„Humans need fantasy to be human. To be the place where the falling angel meets the rising ape.”
– Terry Pratchett: Hogfather
It is the kind of book that is impossible to describe; simply because there are no words for that. At least not in this world.
When someone asks me what the book I am reading is about, I can respond in two ways, depending on what that particular person is like. My answer, if the person wants facts: It is about a flat planet called Discworld balanced on the backs of four elephants which are standing on the back of a giant turtle, the Great A’Tuin, who is slowly swimming through the Universe. In other words, it is about magicians who study at the Unseen University, witches who hate magicians, about gods and goddesses, heroes and heroines, the Reaper, dragons, and all kinds of other imaginable and unimaginable entities. However, my answer, if the person wants the truth: It is about philosophy, politics, moral values, humanity and ordinary people. Also, it is a bit about nothing.

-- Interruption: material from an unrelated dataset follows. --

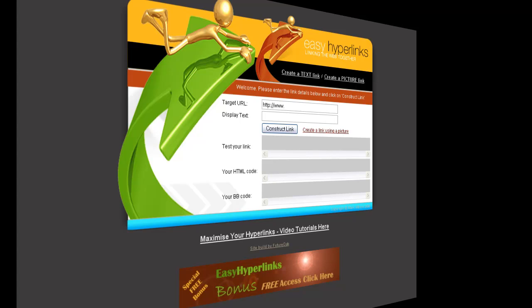Hi, it's Mark from Easy Hyperlinks here and I just wanted to show you something that I've recently added to Easy Hyperlinks that I think may well make your life a lot easier.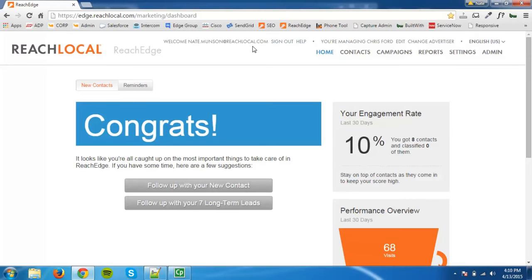Hello, my name is Heather Banning and I am a Software Service Consultant on the ReachEdge support team. In this video, I will show you how to place the ReachLocal capture code on your HTML website.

God save me from a second question such as „what is it like?”! The same duality applies regarding its style as its content. It is nail-bitingly interesting, full of action with complex characters, spiced with great humor at more levels (from the simplest word-plays with the names of characters and places, to the most complex philosophical humor). At the same time, it is a very symbolic philosophical discourse full of endlessly curling raveled metaphors. This duality, however, is organized in a way that none of these features is overbalanced, and the story and back-story are both enjoyable. You will at least LOL, if not literally LYAO, I can promise.
Some dry facts: Discworld is a comedic fantasy book series of about 40 volumes written by the English author, Sir Terry Pratchett. He was the UK’s bestselling author of the 1990s and has sold over 85 million books worldwide in 37 languages. Even the Queen was a big fan. Then came Harry Potter. The first Discworld novel was published in 1983, and Pratchett has written around two books per year since then.

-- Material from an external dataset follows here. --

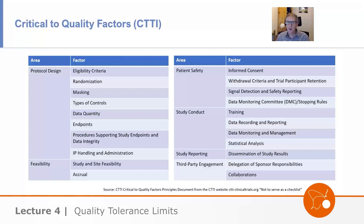I'm not entirely convinced that this is quite what E8R1 was after. This list was in the draft of E8R1 in an appendix, and it actually got removed — so when the final came out, this was removed, which I think is interesting.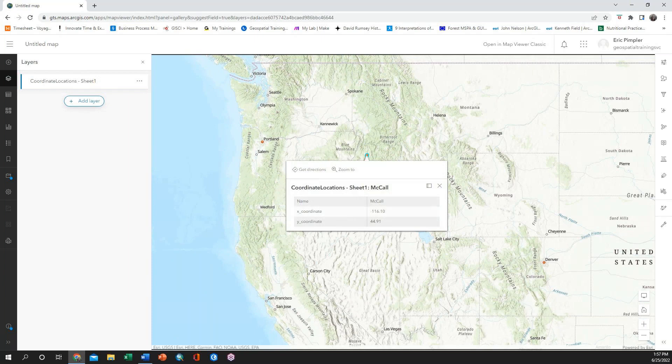When I click on a point, you can see that all of the information that I had in my spreadsheet is available.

He has always been interested in astronomy, computers, natural history and Orangutans. You can see that in his books. Also, he used to love playing video games. He even wrote the script for and coordinated in the production of the video games of the Discworld series. That is highly personal, but in my opinion, he is an awfully nice guy. Unfortunately, in 2007 he was diagnosed with Alzheimer disease. He immediately made a substantial public donation to the Alzheimer’s Research Trust saying he had spoken to at least three brain tumour survivers yet he had spoken to no survivors of Alzheimer. He also filmed a program chronicling his experience with the disease for the BBC.
There are re-emerging characters in each book of the Discworld series. One of them is Death itself, who is a kind of conventionally looking death-character; a skeletion with a black hood and a reap. Except that his steed is milky white and is called Binky; and that he sometimes gets depressed that no one likes him and takes work off to go on a vacation. By the way, he “talks” with CAPSLOCK. He has a co-worker, namely the death of rats, although, his vocabulary drains off after „EEK”. Another funny and re-emerging character is the Librarian at the Unseen University, who used to be a magician but due to an unfortunate accident is now an Orangutan. Although, they offered him to reverse the curse but he said “UUk” (his only word) because his life was much less stressful with full of banana. Of course, this was just a tiny foretaste from this disk-shape world.
“What would have happened if you hadn’t saved him? (Hogfather aka Santa Claus) The sun would have risen just the same, yes?”
Oh, come on. You can’t expect me to believe that. It’s an astronomical fact.
THE SUN WOULD NOT HAVE RISEN.
Really? Then what would have happened, pray?
A MERE BALL OF FLAMING GAS WOULD HAVE ILLUMINATED THE WORLD.”